From the Department of Pediatrics, Children's Mercy-Kansas City, Kansas City, Missouri.
University of Missouri-Kansas City School of Medicine, Kansas City, Missouri.
Pediatr Infect Dis J. 2021 Apr 1;40(4):295-299. doi: 10.1097/INF.0000000000002988.
Parechovirus A type 3 (PeV-A3) is associated with central nervous system infection in young infants. There are limited data regarding long-term outcomes, mostly reported from Australia and European populations. The objective of this study was to assess frequency of neurodevelopmental impairment (NDI) following PeV-A3 infection in our US cohort.
Infants hospitalized during the 2014 outbreak with laboratory-confirmed PeV-A3 infection were evaluated with medical history, neurologic examination, parental completion of Ages and Stages Questionnaire and developmental assessment using Bayley Scales of Infant and Toddler Development, Third Edition cognitive, motor and language quotients. Determination of NDI was based on published criteria. Relationship of severity of PeV disease to outcome measures was determined using Fisher exact, χ2 and Mann-Whitney U test as appropriate.

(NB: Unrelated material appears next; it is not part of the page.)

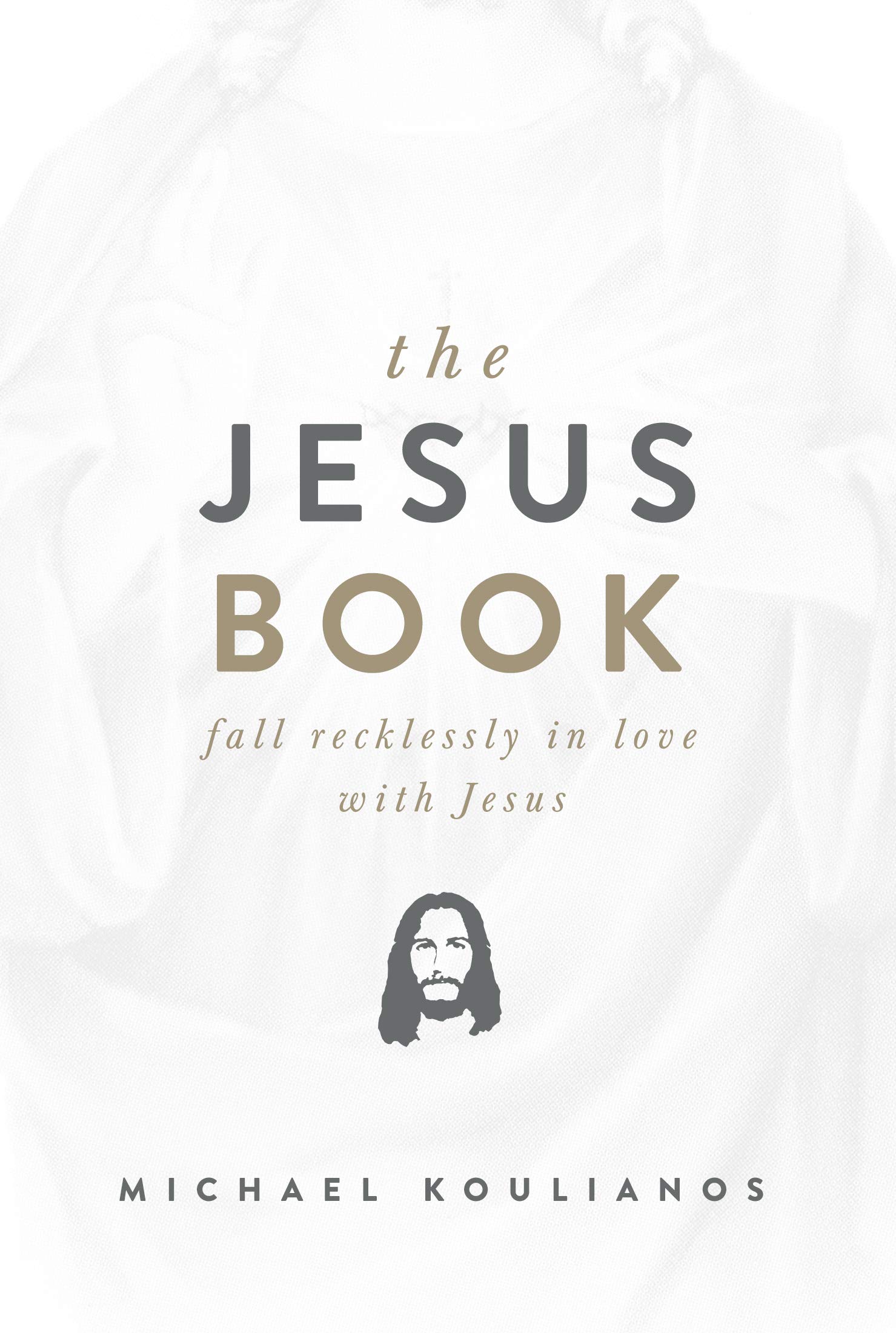 The Jesus Book: Fall Recklessly in Love with Jesus
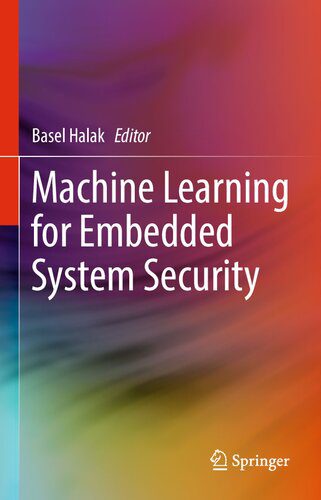 خرید و دانلود نسخه کامل کتاب Machine Learning for Embedded System Security فایل مجازی و دانلودی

Nineteen children, term gestation, were evaluated at ~3 years of age; PeV-A3 illness was uncomplicated for 6 (32%), complex, non-neurologic for 9 (47%) and encephalitis/seizures for 4 (21%). No differences were noted in mean Bayley Scales of Infant and Toddler Development, Third Edition quotients between infants by clinical presentation. Quotients for all were within 1 SD of population norms. Two (11%) children had mild NDI; 1 with mild cerebral palsy. Ages and Stages Questionnaire results included 11% at referral level and 37% suspect concern. Parents of 6 (32%) noted behavior concerns. These findings were unrelated to severity of the PeV-A3 illness.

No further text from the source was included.